Item 1(b).  Address of Issuer's Principal Executive Offices:

   	3841 GREEN HILLS VILLAGE DRIVE
	NASHVILLE, TN 37215

Item 2(a).  Name of Person Filing:

     	J.P. MORGAN CHASE & CO

Item 2(b).  Address of Principal Business Office or, if None, Residence:

   	270 PARK AVE
	NEW YORK, NY 10017

Item 2(c).  Citizenship:

     Delaware

Item 2(d).  Title of Class of Securities:

     COMMON STOCK

     unless otherwise noted, security being reported is common stock

Item 2(e).  CUSIP Number:	02649V104



Item  3. If this Statement is Filed Pursuant to Rule 13d-1(b), or 13d-2(b)
      or (c), Check Whether the Person Filing is a:

     (a) |_| Broker or dealer registered under Section 15 of the Exchange Act;

     (b) | | Bank as defined in Section 3(a)(6) of the Exchange Act;

     (c) |_| Insurance company as defined in Section 3(a)(19) of the
             Exchange Act;

     (d) |_| Investment company registered under Section 8 of the Investment
             Company Act;

     (e) |_| An investment adviser in accordance with Rule 13d-1(b)(1)(ii)(E);

     (f) |_| An employee benefit plan or endowment fund in accordance with
             Rule 13d-1(b)(1)(ii)(F);

     (g) |X| A parent holding company or control person in accordance with
             Rule 13d-1(b)(1)(ii)(G);

     (h) |_| A savings association as defined in Section 3(b) of the Federal
             Deposit Insurance Act;

     (i) |_| A church plan that is excluded from the definition of an investment
             company under Section 3(c)(14) of the Investment Company Act;

     (j) |_| Group, in accordance with Rule 13d-1(b)(1)(ii)(J).

If this statement is filed pursuant to Rule 13d-1(b), check this box. |X|


                               Page 2 of 5 Pages




Item 4.   Ownership.

     Provide the following information regarding the aggregate number and
percentage of the class of securities of issuer identified in Item 1.

     (a)  Amount beneficially owned: 	501,350
		Including 0 shares where there is a Right to Acquire.
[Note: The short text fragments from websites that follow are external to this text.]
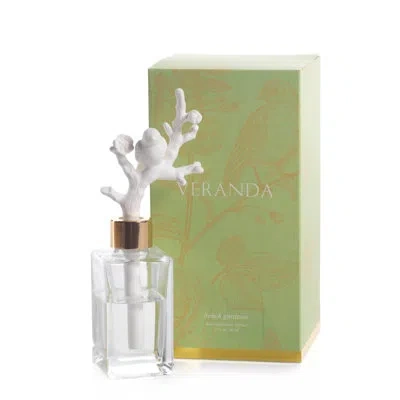 Zodax Veranda French Gardenia Porcelain Diffuser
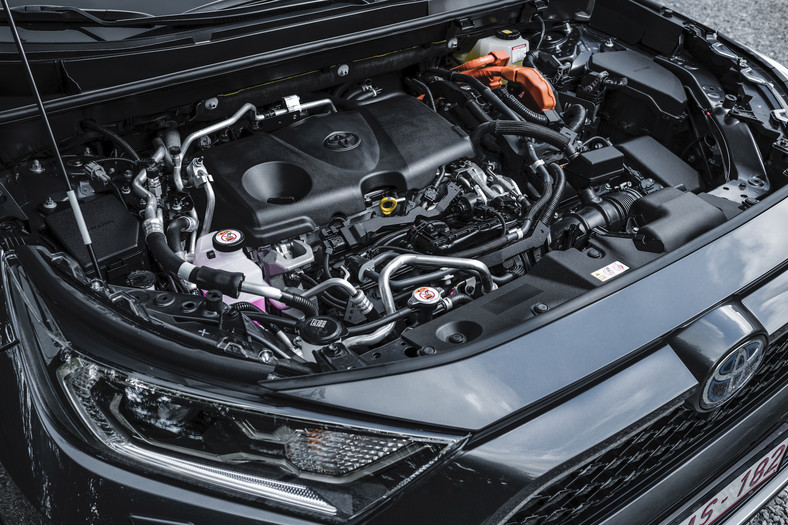 Toyota RAV4 Plug-in Hybrid – ruszyła przedsprzedaż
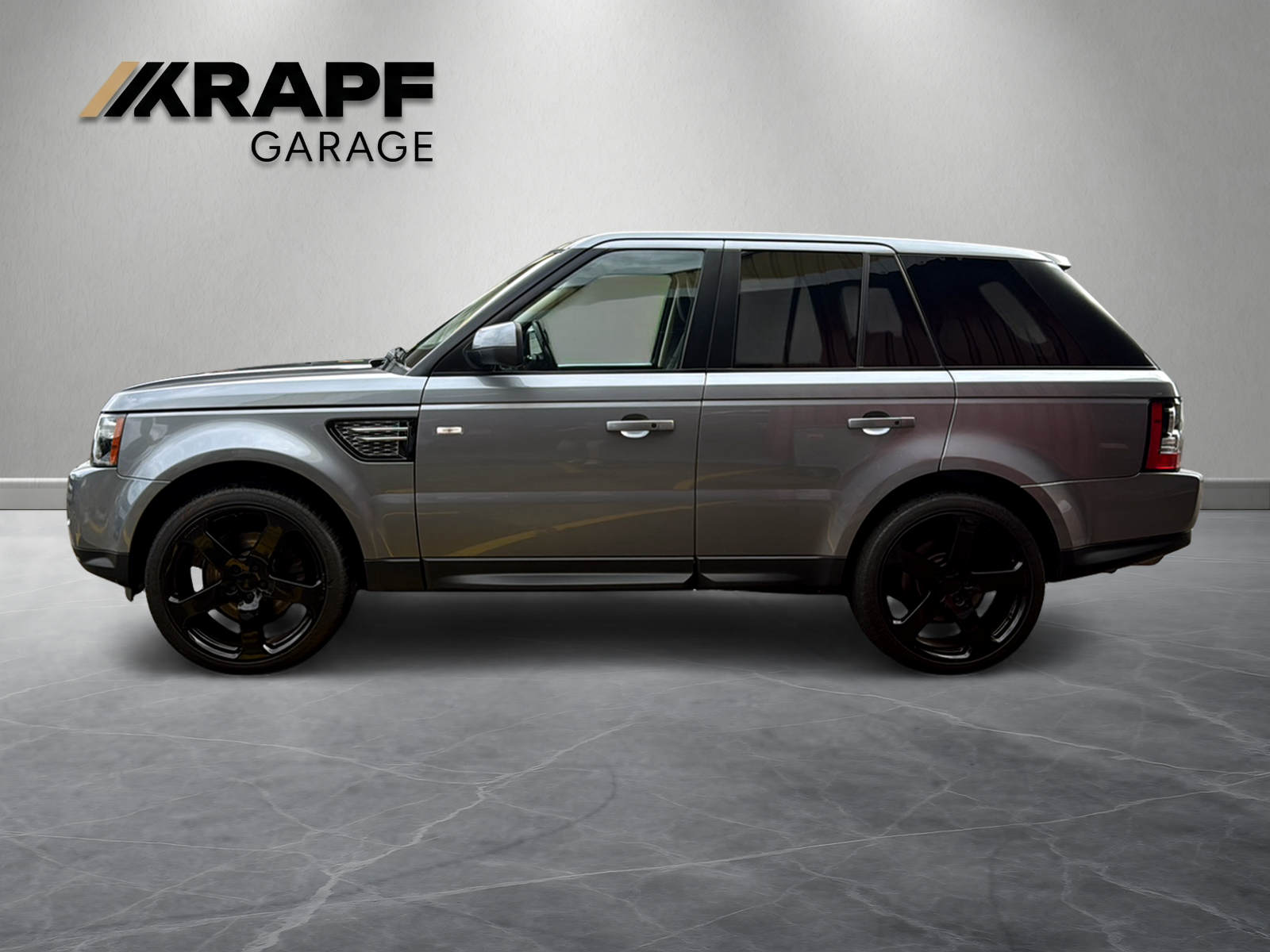LAND ROVER Range Rover Sport 3.0 TDV6 SE Automatic-showroom-element-1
     (b)  Percent of class:     6.0%

     (c)  Number of shares as to which such person has:

           (i) Sole power to vote or to direct the vote:     501,350

          (ii) Shared power to vote or to direct the vote:         0

         (iii) Sole power to dispose or to direct the disposition of:    501,350

          (iv) Shared power to dispose or to direct the disposition of:        0

Item 5.   Ownership of Five Percent or Less of a Class.	Not applicable


     If this statement is being filed to report the fact that as of the date
hereof the reporting person has ceased to be the beneficial owner of more than
five percent of the class of securities, check the following. |_|

Item 6.   Ownership of More than Five Percent on Behalf of Another Person.
J.P. Morgan Chase & Co. is the beneficial owner of   501,350  shares of the
Issuer's common stock on behalf of other persons known to have one or more of
the following:
the right to receive dividends for such securities;
the power to direct the receipt of dividends from such securities;
the right to receive the proceeds from the sale of such securities;
the right to direct the receipt of proceeds from the sale of such securities;
No such person is known to have an interest in more than 5% of the class of
securities reported herein unless such person is identified below.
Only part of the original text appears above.